Diffusivity of acetic acid in a dilute solution in acetone  at 313 K using the Wilke-Chang correlation is 5.596e-05 square cm/s

The percent error of the estimate, compared to the experimental value is  38.5 %
Diffusivity of acetic acid in a dilute solution in acetone  at 313 K using the Hayduk and Minhas correlation is 3.84e-05 square cm/s

The percent error of the estimate, compared to the experimental value is -5.0 %


### Example 1.10 Page number:30¶

In :
#Variable declaration
#  acetone-1   benzene-2
T = 298  					# [K]
x_1 = 0.7808
x_2 = 1-x_1

#CALCULATIONS
# The infinite dilution diffusivities are
D_12o = 2.75*10**-9  				# [square m/s]
D_21o = 4.15*10**-9  				# [square m/s]
# From the NRTL equation, for this system at the given temperature and concentration the 	thermodynamic correction factor r = 0.871.
r = 0.871
D_12exp = 3.35*10**-9  				# [square m/s]

# Using equation 1.56
D_12 = (D_12o**x_2)*(D_21o**x_1)
D_12 = D_12*r

#RESULT
print"The theoritical value of Fick diffusivity is",round(D_12,11),"square m/s"
# The predicted value of the Fick diffusivity is in excellent agreement with the 	experimental result.

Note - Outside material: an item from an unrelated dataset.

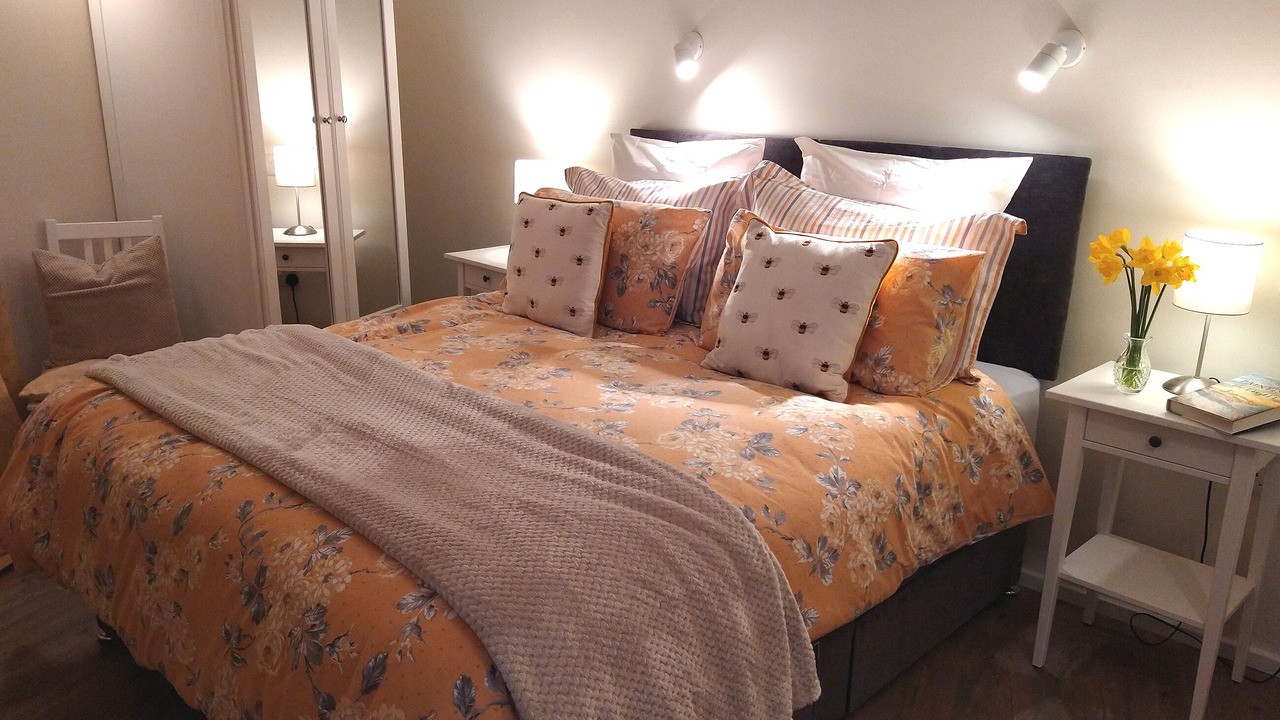 Photo of Bedroom in Hallington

The theoritical value of Fick diffusivity is 3.3e-09 square m/s


### Example 1.11 Page number:32¶

In :
#Variable declaration
#  ammonia-1  nitrogen-2   hydrogen-3
T = 300  					# [K]
P = 1 						# [bar]
y_1 = .40
y_2 = .20
y_3 = .40
import math

# Lennard-Jones parameter for ammonia
sigma_1 = 2.9  					# [Angstrom]
d_1 = 558.3  					# [E/K, K]
M_1 = 17.0 					# [gram/mole]

# Lennard-Jones parameter for nitrogen
sigma_2 = 3.798  				# [Angstrom]
d_2 = 71.4  					# [E/K, K]
M_2 = 28.0  					# [gram/mole]

# Lennard-Jones parameter for hydrogen
sigma_3 = 2.827  				# [Angstrom]
d_3 = 59.7  					# [E/K, K]
M_3 = 2.0  					# [gram/mole]

# Binary diffusivitiy of ammonia in nitrogen (D_12)

#CALCULATIONS

sigma_12 = (sigma_1+sigma_2)/2  		# [Angstrom]
d_12 = math.sqrt(d_1*d_2)  			# [K]
M_12 = 2/((1/M_1)+(1/M_2))  			# [gram/mole]

T_star12 = T/d_12
a = 1.06036
b = 0.15610
c = 0.19300
d = 0.47635
e = 1.03587
f = 1.52996
g = 1.76474
h = 3.89411
ohm12 = ((a/T_star12**b)+(c/math.exp(d*T_star12))+(e/math.exp(f*T_star12))+(g/math.exp(h*T_star12)))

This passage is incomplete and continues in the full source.